**AIM OF THE TASK**
Look in the data below for the line that has "Hi, I'm John", then print exactly every line from there through the line that has "Firstly, it efficiently", leaving pictures out.

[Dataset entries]
Segment Open

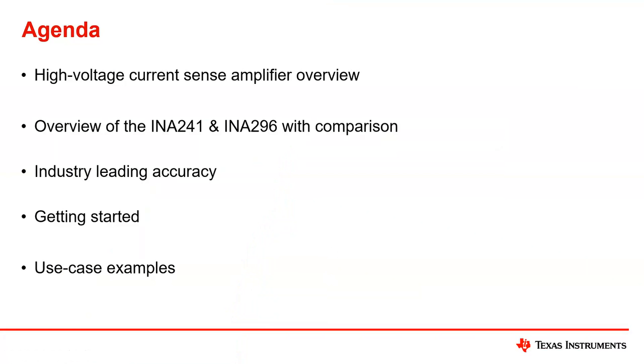Here's an agenda. First, I'm going to show a high voltage current sensing amplifier overview to show you where the INA 241 and 296 fit into the overall portfolio of current sense amplifiers. Then I will jump into overviews of the individual devices, followed by industry leading information, a getting started guide, and some examples.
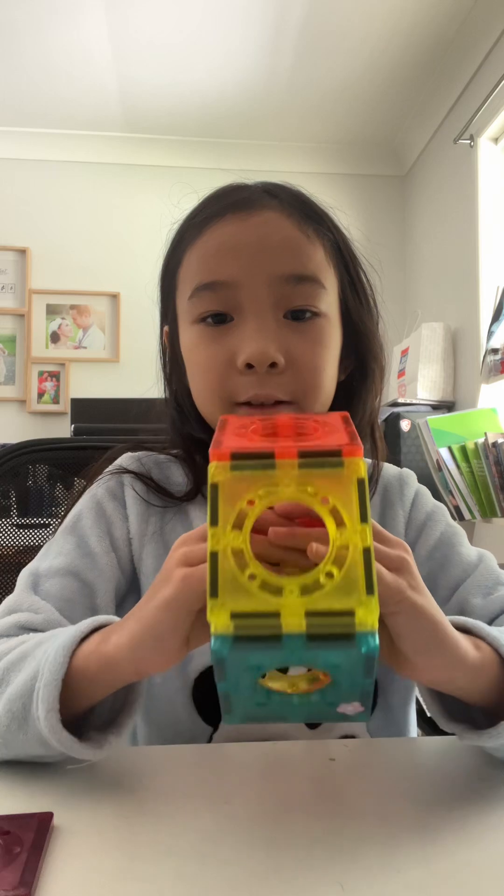It looks like a pentagon or a hexagon — I don't know my shapes. It looks beautiful! Now part two will be a half-even cookie, so bye bye.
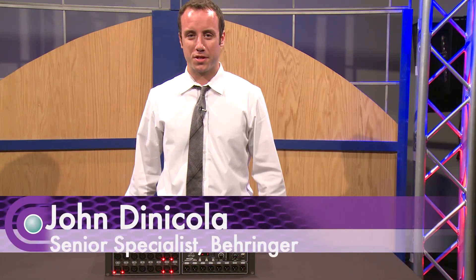Hi, I'm John DiNicola, Product Specialist with Behringer, and I'm here at Full Compass today to talk to you about the S16 Digital Snake.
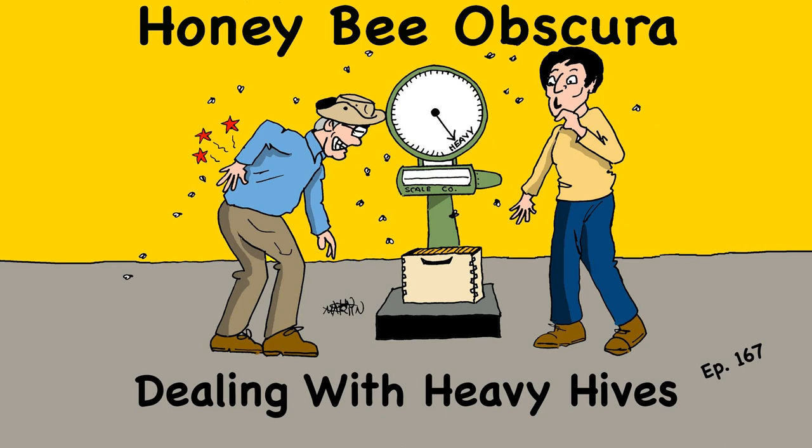Welcome to Honey Bee Obscura, brought to you by Growing Planet Media, the producers of the Beekeeping Today podcast. Join Jim Tu, your guide through the complexities, the beauty, the fun, and the challenges of managing honeybees. Jim hosts fun and interesting guests who take a deep dive into the intricate world of honeybees. Whether you're a seasoned beekeeper or just getting started, get ready for some plain talk that'll delve into all things honeybees. And that's common sense if you keep bees.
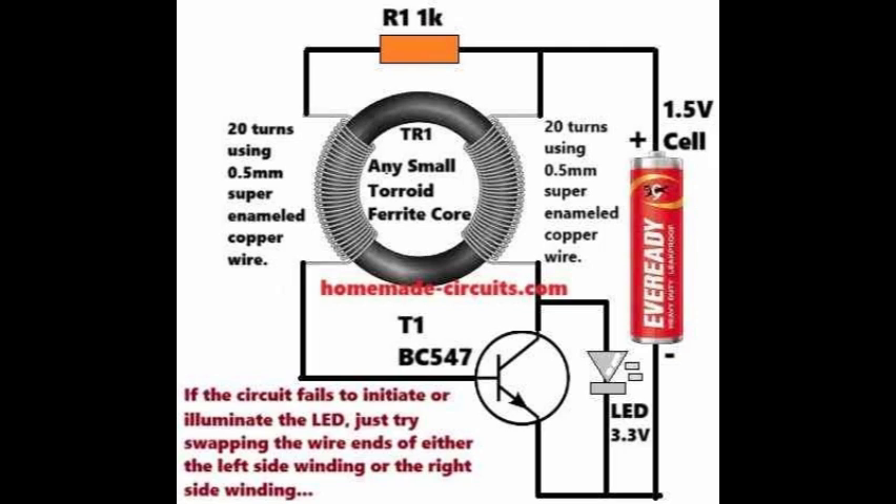Firstly, it efficiently powers a 3.3V LED using just a single 1.5V AAA cell. Secondly, it maximizes the use of the 1.5V cell, utilizing it until it is nearly depleted.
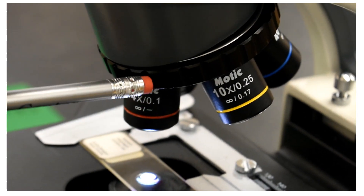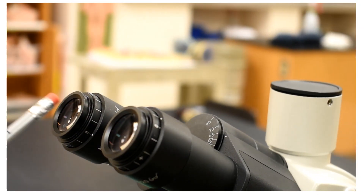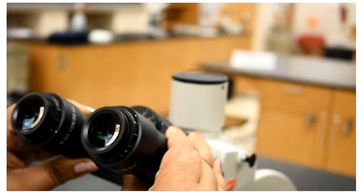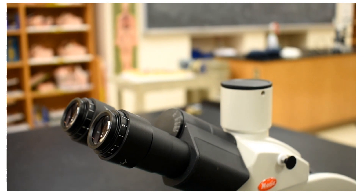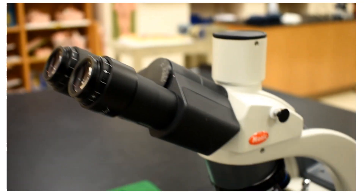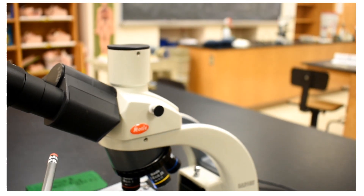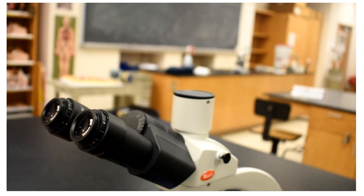Following up from the rotating nosepiece, these are called the eyepieces with ocular lenses. Because the distance between two eyes varies from individual to individual, we can adjust the distance between the two ocular lenses. Each ocular lens has a magnification of 10x total. When looking at an object, once it is focused properly, it will be magnified twice — once by the objective lens in position, and then a second level of magnification by the ocular lens, which is fixed regardless of which objective lens is used. This is why these are called compound microscopes. Since there are two ocular lenses, this is a binocular compound microscope.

Segment Closed

**SOLUTION FOR THIS TASK**
Hi, I'm John DiNicola, Product Specialist with Behringer, and I'm here at Full Compass today to talk to you about the S16 Digital Snake.
Welcome to Honey Bee Obscura, brought to you by Growing Planet Media, the producers of the Beekeeping Today podcast. Join Jim Tu, your guide through the complexities, the beauty, the fun, and the challenges of managing honeybees. Jim hosts fun and interesting guests who take a deep dive into the intricate world of honeybees. Whether you're a seasoned beekeeper or just getting started, get ready for some plain talk that'll delve into all things honeybees. And that's common sense if you keep bees.
Firstly, it efficiently powers a 3.3V LED using just a single 1.5V AAA cell. Secondly, it maximizes the use of the 1.5V cell, utilizing it until it is nearly depleted.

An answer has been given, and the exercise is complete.